Just tried, no luck, still there. what has just appeared next to the image is a *!* When I tap on the exclamation mark a new window opens

Licence Limit Reached
You have exceeded the limit on the number of devices that ca read this item. You may deregister any device no longer in use and delete the content, which will allow you to download this item. You may also purchase another copy from the Kindle store

I understand what you will think from that statement, but I've only ever had it downloaded to my Fire HD, and could not wait to get rid of it. The only thing I can think of is the number of times I've tried to download it to my Fire to try and erase it correctly, has caused some confusion on the Amazon account.

Truly thanks for everyone's help, I'm going to log off now, my brain is fried and it midnight here. so once again thanks will check here in morning


----------



## Betsy the Quilter (Oct 27, 2008)

I think you're at the point where you need to contact Kindle Customer Service.

Betsy


----------



## 1more (Jan 11, 2013)

Thanks all, your a great friendly bunch, and I'm glad I found this place. Goodnight from here   but probably Good morning were you are.


----------



## Betsy the Quilter (Oct 27, 2008)

No, good night from us, too, early evening here on the US East Coast.

Come on back and discuss the books you're reading on your Kindle!

Betsy


----------



## Ann in Arlington (Oct 27, 2008)

I agree with Betsy -- there's some glitch in the system. . .and, arguably, given the nature of the book (close but not quite title to a real book) it's possible there's some corruption in the book file.  Hopefully Kindle CS can get you sorted out.  All the contact information is in a sticky thread at the top of your Tips, Tricks, and Troubleshooting section.

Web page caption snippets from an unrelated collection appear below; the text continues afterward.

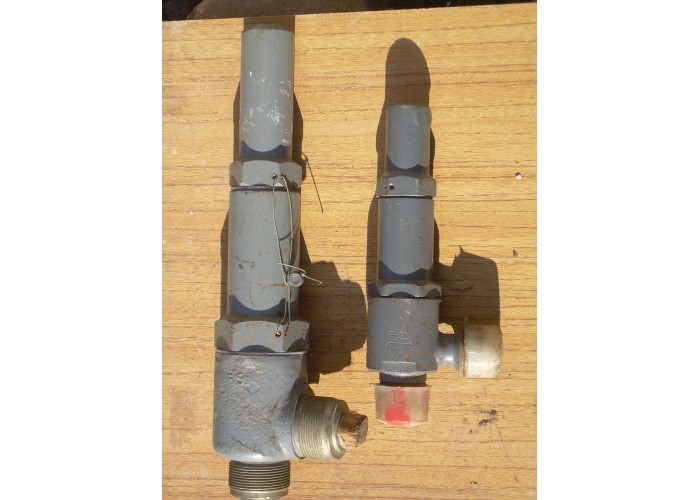 Клапан  17с11нж Ду25 Ру16 предохранительный малоподъемный пружинный с колпаком цапковый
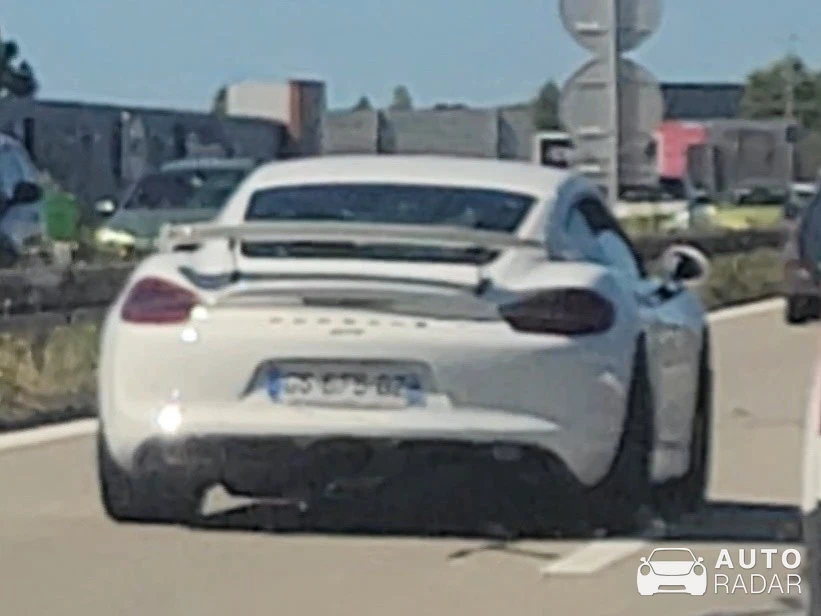 Porsche 981 Cayman GT4 spotted in Séné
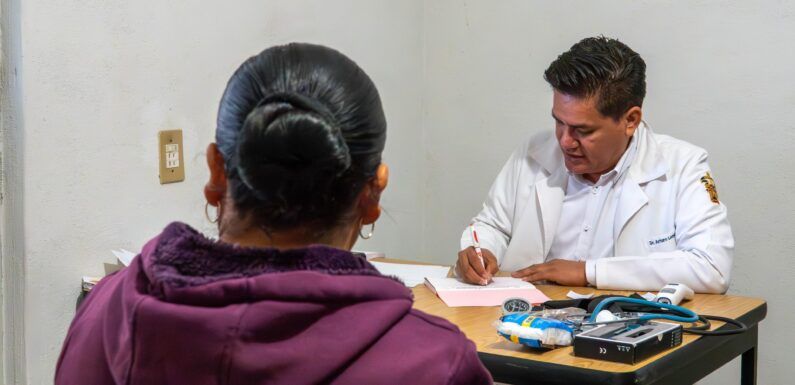 Implementa Gobierno de La Chona el programa «Médico en tu Comunidad «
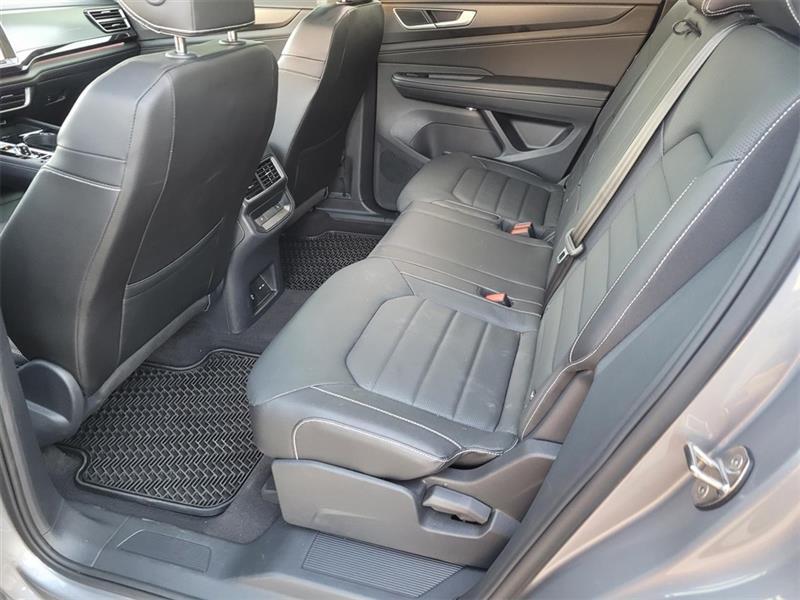 Volkswagen Atlas Cross Sport SEL R-Line 4MOTION 2025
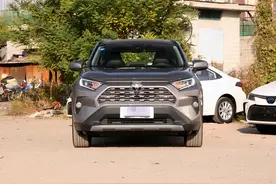 开完丰田荣放，再换到本田CR-V上，内行人：对比差距一目了然图片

Let us know what you find out!


----------



## 1more (Jan 11, 2013)

I feel the image is hidden in a cache on the system, but I can't seem to find out which one, I've looked at all the app's listed in "Settings - More - App's" and I can't seem to identify which one holds the information for the Ghost Tab in Books. 
I'm tempted to do a factory restore rather than wait forever using the Kindle Customer Services,(to be fair I've never used Kindle Customer Services, I'm basing that statement on previous experience with other companies Customer Service).

I've came across another site, with a posting of a very similar problem some people with the Fire HD are having, with Music and Art Work (Album Images), some people say the problem just cleared itself after a while, others are saying the problems has persisted. 
Ahhhh, more riddles to solve  

Thanks everyone


----------



## Ann in Arlington (Oct 27, 2008)

I think you'll find Kindle CS very responsive.  If you contact via email, the first response will probably be a standard script and may not actually address the root of the issue.  Just reply again with 'no, that didn't help' and explain it again more clearly.  But, honestly, this sounds like something you probably should talk to a real person about. If you have the 'call me back' feature (we do in the US) use it. 

Though, if you've not got much on the device, a factory reset may very well fix the problem -- and it may be what they'll end up having you do anyway.  You will lose any personalization and will have to re-download any books, apps, etc.


----------



## Dragle (Dec 10, 2011)

I saw a message on Amazon's boards that clearing the Data on the kindle app solved the problem. But that sounds a little scary since I don't know what all that does...


----------



## Ann in Arlington (Oct 27, 2008)

Dragle said:


> I saw a message on Amazon's boards that clearing the Data on the kindle app solved the problem. But that sounds a little scary since I don't know what all that does...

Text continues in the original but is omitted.